Trois lycées agricoles privés, piliers historiques du projet, ont acté leur départ. Une « sécession » inédite qui fragilise l’équilibre d’un campus présenté depuis des années comme un laboratoire d’innovation pour la ruralité. Au cœur du conflit : la gouvernance, la place des lycées agricoles dans une structure devenue tentaculaire, et un malaise social profond qui n’a cessé de s’intensifier depuis 2022.

Créé pour fédérer sur un même site des lycées, des écoles supérieures, un incubateur et des acteurs économiques, The Land se voulait un écosystème de formation tourné vers l’agriculture, l’environnement, l’alimentation et la ruralité. Porté par son directeur général, Jean-Marc Esnault, le campus a connu une croissance fulgurante : extension immobilière, diversification des filières, résidence étudiante, montée en puissance des cursus post-bac.

Mais derrière l’image de modernité, les tensions se sont accumulées. Les trois lycées agricoles privés du groupe Antoine-de-Saint-Exupéry — socle historique de l’enseignement secondaire du campus — ont exprimé un malaise croissant face à ce qu’ils décrivent comme une perte de visibilité, de liberté pédagogique et une gouvernance jugée trop verticale. En mars 2024, une grève d’ampleur réunissant les lycées de Rennes, Vitré et La Guerche-de-Bretagne sonnait déjà l’alarme.
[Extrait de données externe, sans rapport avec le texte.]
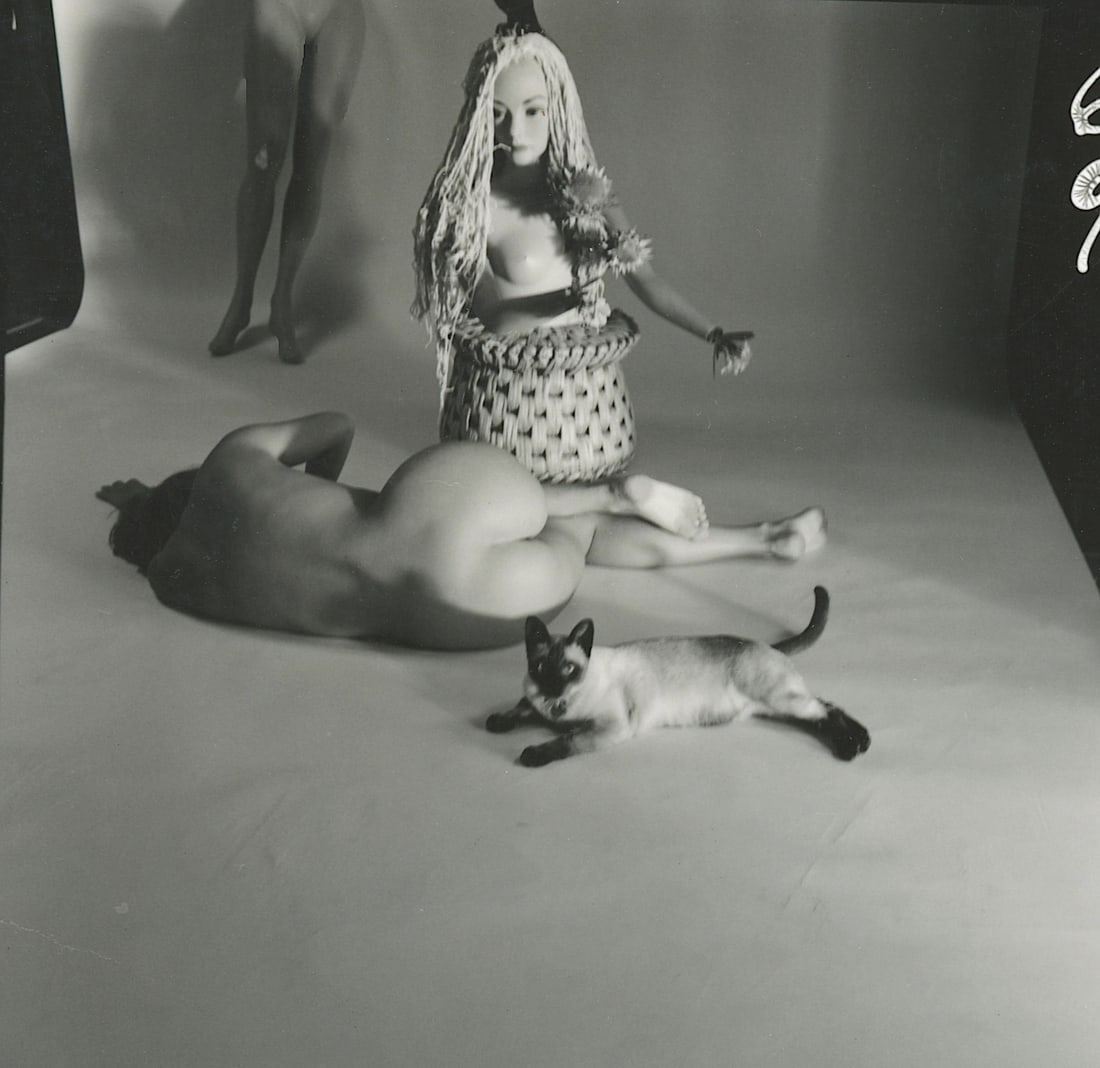 ANDR? DE DIENES Vintage Photo 1950s-1960s Nude Study: The provenance of this photo is from the archives of notable photographer Andr? de Dienes. The dimensions are Approx. 2" x 2.25" (variances can occur). This black and white gelatin photo was printed i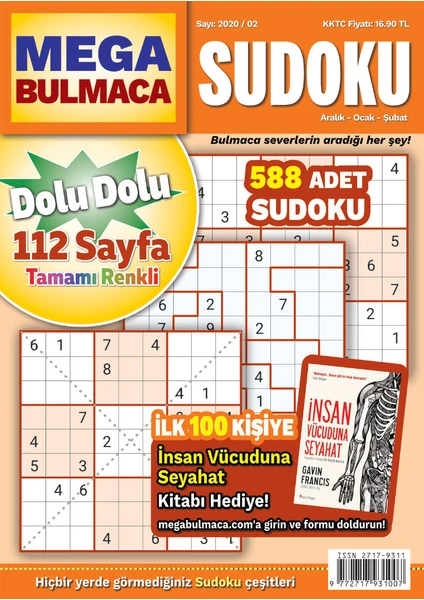 Mega Sudoku Bulmaca 2020/02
Un an plus tard, le couperet tombe. Le ministère de l’Agriculture, le CNEAP (réseau national des lycées agricoles privés) et le diocèse d’Ille-et-Vilaine actent officiellement la sortie des trois lycées du campus The Land. La décision est historique. Les trois établissements agricoles constituaient non seulement la base pédagogique de The Land, mais aussi l’identité même du projet. Leur départ laisse un campus amputé de son socle originel et accentue les interrogations sur l’avenir global du modèle.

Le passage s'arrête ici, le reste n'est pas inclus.